Heather walked past Buddy and sat at the
bar several seats away from him. Buddy leaned over to the bartender and said,
“I’d like to pay for Heather’s drink.”
“It’ll be a double Jack Daniels,” said the bartender, a young woman in a tight-fitting
blouse and clear aviator glasses.
“OK.”
The bartender put the double shot in front
of Heather and whispered to her. Heather downed the double shot in a swallow.
She briefly acknowledged Buddy with a glance and a wave of the glass.

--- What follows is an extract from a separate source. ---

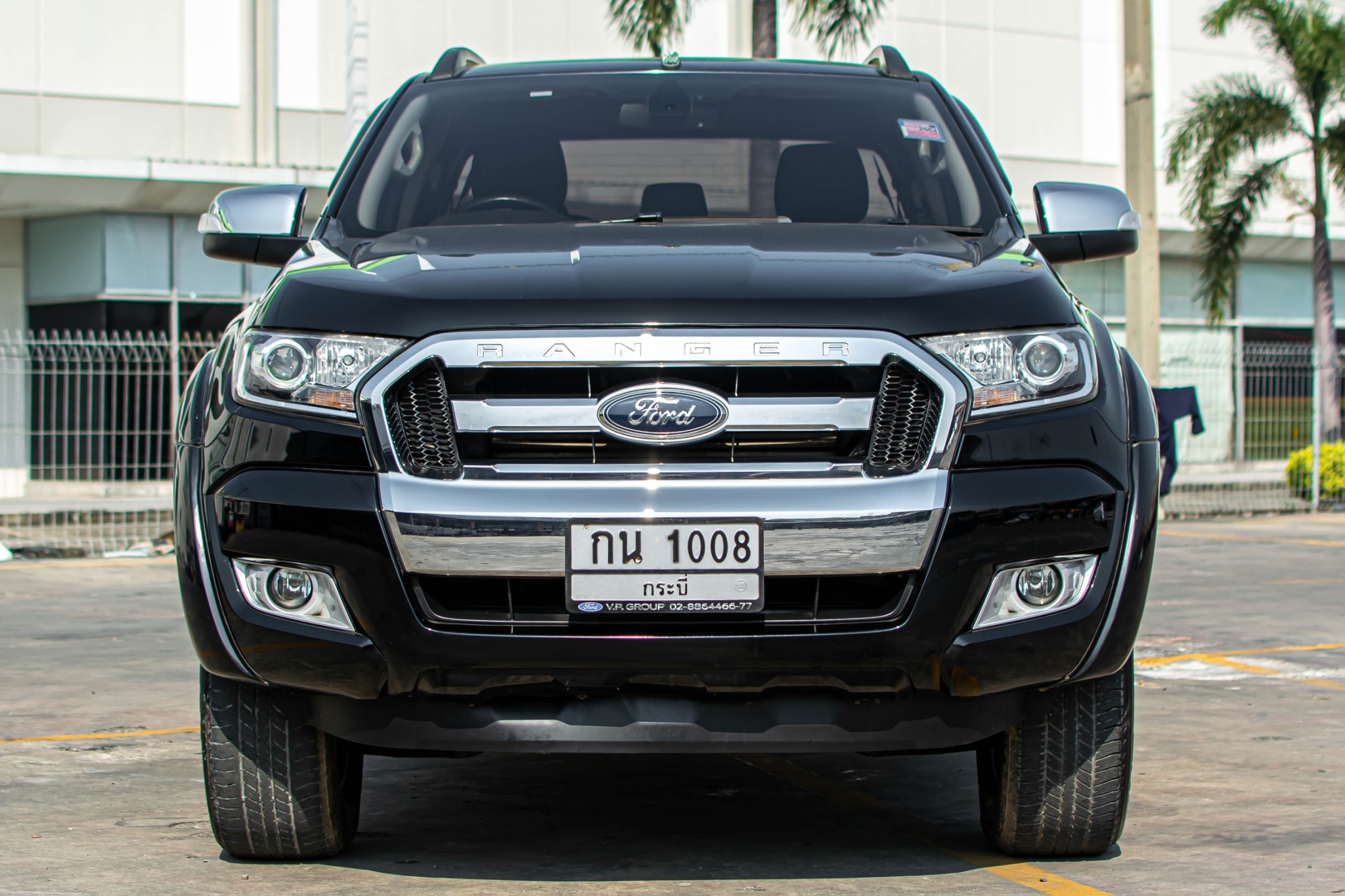 FORD RANGER 2.2 XLT 4 ประตูสูง ดีเซล !!! รถมือเดียวออกห้างป้ายแดง ไม่มีชน ไมล์แท้ !!! FORD RANGER 2.2 XLT 4 ประตูสูง ดีเซล !!! รถมือเดียวออกห้างป้ายแดง ไม่มีชน ไมล์แท้ !!!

She
tapped the glass on the counter. The bartender refilled it. Heather bolted it
as quickly as the first. The third vanished the same way. She slowed down on
the fourth. She was sipping it when Buddy wended his way to her side. Buddy
thought to himself that he would be comatose if he drank so much alcohol so
fast, but he had seen Heather put away more than this without affecting her
stage performance.
“I’ve caught you act before. I like your
work,” Buddy said to her.
“I know.”
“You know?”
“Yeah, I’ve seen you. Do you think you’re
invisible?”
“You know, sometimes I do. So where are you
playing next?”
“Check my website, but you already know
that. Look, honey, if you’re slowly working around to asking me out, don’t
bother, but you can buy the rest of these rounds if you really want to.”
“Oh. Well, OK.” Paying her tab seriously
depleted his cash. He wondered if the parking garage took VISA.
Heather looked him up and down. “You’re not
a vampire,” she told him.
“Is that a shortcoming?” he asked.
“No.”
Buddy decided not to mention that, if anyone
looked like a vampire, it was Heather herself with her long black hair, pale
skin, and blood-red lipstick. He wasn’t sure if this was some off-beat humor or
if she was a little crazy.
“Your girlfriend is a vampire though.”
“Girlfriend?”
“The chick in the bad wig you gave your
seat up for. Stay away from her, even though she dumped the other boy,” said
Heather.
“You mean Hoodie-guy? She dumped him?”
“Yes, but he hasn’t accepted the fact yet.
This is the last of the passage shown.